▶ **EXERCISE**
From the records below, please repeat exactly the line that has "25.04.2025 - Das", the line that has "Tirane, shitet apartament", and every line between them, and nothing else.

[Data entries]
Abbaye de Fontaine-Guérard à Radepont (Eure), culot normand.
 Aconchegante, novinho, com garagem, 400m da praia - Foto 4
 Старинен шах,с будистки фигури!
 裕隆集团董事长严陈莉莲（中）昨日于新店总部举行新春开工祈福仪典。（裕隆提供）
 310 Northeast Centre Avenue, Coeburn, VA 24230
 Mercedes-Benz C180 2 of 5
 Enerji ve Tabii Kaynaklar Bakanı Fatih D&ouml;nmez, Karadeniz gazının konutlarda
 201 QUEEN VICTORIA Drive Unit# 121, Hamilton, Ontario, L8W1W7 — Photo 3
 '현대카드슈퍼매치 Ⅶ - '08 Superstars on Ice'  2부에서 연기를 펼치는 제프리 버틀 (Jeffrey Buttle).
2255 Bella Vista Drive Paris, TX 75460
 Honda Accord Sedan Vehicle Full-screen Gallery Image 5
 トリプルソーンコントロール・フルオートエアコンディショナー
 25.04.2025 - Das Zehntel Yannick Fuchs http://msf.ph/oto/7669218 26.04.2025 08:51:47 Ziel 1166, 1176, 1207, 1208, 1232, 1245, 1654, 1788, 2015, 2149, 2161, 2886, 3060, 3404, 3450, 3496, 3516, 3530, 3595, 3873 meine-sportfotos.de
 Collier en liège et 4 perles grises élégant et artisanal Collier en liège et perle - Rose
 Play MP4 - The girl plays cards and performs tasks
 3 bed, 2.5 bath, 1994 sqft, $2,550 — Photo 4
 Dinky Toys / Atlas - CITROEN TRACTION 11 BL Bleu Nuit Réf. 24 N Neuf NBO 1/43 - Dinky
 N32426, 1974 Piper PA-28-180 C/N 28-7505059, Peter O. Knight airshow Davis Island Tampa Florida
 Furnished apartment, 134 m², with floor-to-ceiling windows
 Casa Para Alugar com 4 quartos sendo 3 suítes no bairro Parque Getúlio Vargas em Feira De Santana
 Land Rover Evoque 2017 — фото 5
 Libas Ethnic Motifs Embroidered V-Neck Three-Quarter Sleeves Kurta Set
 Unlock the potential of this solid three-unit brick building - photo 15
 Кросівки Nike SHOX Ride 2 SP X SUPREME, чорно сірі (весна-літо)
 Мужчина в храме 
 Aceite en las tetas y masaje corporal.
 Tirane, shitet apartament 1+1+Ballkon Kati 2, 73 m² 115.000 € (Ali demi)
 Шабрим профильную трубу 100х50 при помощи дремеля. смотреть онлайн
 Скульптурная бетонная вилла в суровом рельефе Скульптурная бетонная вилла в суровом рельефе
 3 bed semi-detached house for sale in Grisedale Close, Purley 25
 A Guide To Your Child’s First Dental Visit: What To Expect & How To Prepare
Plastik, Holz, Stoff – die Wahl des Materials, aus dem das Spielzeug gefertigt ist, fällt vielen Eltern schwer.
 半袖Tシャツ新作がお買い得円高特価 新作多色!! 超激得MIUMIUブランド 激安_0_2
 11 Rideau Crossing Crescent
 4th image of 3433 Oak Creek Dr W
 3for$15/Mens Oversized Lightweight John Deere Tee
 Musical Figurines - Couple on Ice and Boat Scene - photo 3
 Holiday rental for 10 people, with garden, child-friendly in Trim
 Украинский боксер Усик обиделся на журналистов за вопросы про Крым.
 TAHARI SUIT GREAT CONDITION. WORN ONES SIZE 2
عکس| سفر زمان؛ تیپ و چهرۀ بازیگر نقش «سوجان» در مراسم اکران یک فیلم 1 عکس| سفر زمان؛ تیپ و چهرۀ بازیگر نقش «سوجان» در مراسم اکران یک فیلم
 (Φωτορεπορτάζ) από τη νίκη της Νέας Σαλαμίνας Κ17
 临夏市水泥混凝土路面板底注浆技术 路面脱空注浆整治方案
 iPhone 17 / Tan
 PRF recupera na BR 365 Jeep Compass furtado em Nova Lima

▶ **FINAL ANSWER**
 25.04.2025 - Das Zehntel Yannick Fuchs http://msf.ph/oto/7669218 26.04.2025 08:51:47 Ziel 1166, 1176, 1207, 1208, 1232, 1245, 1654, 1788, 2015, 2149, 2161, 2886, 3060, 3404, 3450, 3496, 3516, 3530, 3595, 3873 meine-sportfotos.de
 Collier en liège et 4 perles grises élégant et artisanal Collier en liège et perle - Rose
 Play MP4 - The girl plays cards and performs tasks
 3 bed, 2.5 bath, 1994 sqft, $2,550 — Photo 4
 Dinky Toys / Atlas - CITROEN TRACTION 11 BL Bleu Nuit Réf. 24 N Neuf NBO 1/43 - Dinky
 N32426, 1974 Piper PA-28-180 C/N 28-7505059, Peter O. Knight airshow Davis Island Tampa Florida
 Furnished apartment, 134 m², with floor-to-ceiling windows
 Casa Para Alugar com 4 quartos sendo 3 suítes no bairro Parque Getúlio Vargas em Feira De Santana
 Land Rover Evoque 2017 — фото 5
 Libas Ethnic Motifs Embroidered V-Neck Three-Quarter Sleeves Kurta Set
 Unlock the potential of this solid three-unit brick building - photo 15
 Кросівки Nike SHOX Ride 2 SP X SUPREME, чорно сірі (весна-літо)
 Мужчина в храме 
 Aceite en las tetas y masaje corporal.
 Tirane, shitet apartament 1+1+Ballkon Kati 2, 73 m² 115.000 € (Ali demi)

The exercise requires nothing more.